**Provided entries:**
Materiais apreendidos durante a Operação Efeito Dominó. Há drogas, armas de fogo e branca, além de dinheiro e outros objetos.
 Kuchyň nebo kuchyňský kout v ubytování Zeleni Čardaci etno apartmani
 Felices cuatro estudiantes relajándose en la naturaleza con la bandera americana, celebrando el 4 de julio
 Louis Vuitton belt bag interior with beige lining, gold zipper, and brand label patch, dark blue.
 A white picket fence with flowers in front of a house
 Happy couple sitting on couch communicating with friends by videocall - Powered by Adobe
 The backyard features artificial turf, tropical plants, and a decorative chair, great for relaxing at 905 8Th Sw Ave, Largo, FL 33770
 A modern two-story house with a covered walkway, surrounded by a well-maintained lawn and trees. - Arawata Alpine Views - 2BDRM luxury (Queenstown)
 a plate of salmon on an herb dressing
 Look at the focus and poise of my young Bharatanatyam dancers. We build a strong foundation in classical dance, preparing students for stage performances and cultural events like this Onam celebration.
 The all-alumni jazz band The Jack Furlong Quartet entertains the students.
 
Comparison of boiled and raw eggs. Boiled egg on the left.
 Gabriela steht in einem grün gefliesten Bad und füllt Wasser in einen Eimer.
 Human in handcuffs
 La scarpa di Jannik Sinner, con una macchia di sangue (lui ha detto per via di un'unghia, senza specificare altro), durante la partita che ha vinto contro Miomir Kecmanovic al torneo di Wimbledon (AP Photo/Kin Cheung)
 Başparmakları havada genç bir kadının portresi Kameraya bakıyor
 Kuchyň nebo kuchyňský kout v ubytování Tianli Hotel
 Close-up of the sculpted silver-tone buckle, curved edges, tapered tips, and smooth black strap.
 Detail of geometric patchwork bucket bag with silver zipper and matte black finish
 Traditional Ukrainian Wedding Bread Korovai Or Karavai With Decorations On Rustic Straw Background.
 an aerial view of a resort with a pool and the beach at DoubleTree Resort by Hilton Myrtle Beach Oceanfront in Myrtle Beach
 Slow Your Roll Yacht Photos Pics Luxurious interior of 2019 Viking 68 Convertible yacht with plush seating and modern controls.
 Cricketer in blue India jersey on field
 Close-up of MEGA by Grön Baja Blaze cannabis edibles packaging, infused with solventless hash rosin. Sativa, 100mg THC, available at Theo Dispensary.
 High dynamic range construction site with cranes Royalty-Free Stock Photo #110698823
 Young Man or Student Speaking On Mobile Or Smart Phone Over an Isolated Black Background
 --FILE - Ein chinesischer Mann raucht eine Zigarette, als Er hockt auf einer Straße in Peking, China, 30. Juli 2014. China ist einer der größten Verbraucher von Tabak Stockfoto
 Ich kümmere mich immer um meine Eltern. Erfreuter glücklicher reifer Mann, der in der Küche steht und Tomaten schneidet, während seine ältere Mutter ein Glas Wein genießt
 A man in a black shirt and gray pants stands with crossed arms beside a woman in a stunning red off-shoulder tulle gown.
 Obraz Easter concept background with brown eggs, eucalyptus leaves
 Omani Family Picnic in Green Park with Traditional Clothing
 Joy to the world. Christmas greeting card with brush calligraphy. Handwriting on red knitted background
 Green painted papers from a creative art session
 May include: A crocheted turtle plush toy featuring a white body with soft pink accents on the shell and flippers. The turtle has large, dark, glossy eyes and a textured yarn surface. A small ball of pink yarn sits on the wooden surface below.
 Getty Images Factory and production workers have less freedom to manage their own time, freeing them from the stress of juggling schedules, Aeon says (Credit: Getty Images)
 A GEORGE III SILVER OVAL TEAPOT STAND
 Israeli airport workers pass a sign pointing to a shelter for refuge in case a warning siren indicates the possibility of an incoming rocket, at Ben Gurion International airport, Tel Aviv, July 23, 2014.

**Activity:** From the data above, output exactly the lines between the one containing "A man in a black" and the one containing "Omani Family Picnic", counting both of them.

**Result for this exercise:**
 A man in a black shirt and gray pants stands with crossed arms beside a woman in a stunning red off-shoulder tulle gown.
 Obraz Easter concept background with brown eggs, eucalyptus leaves
 Omani Family Picnic in Green Park with Traditional Clothing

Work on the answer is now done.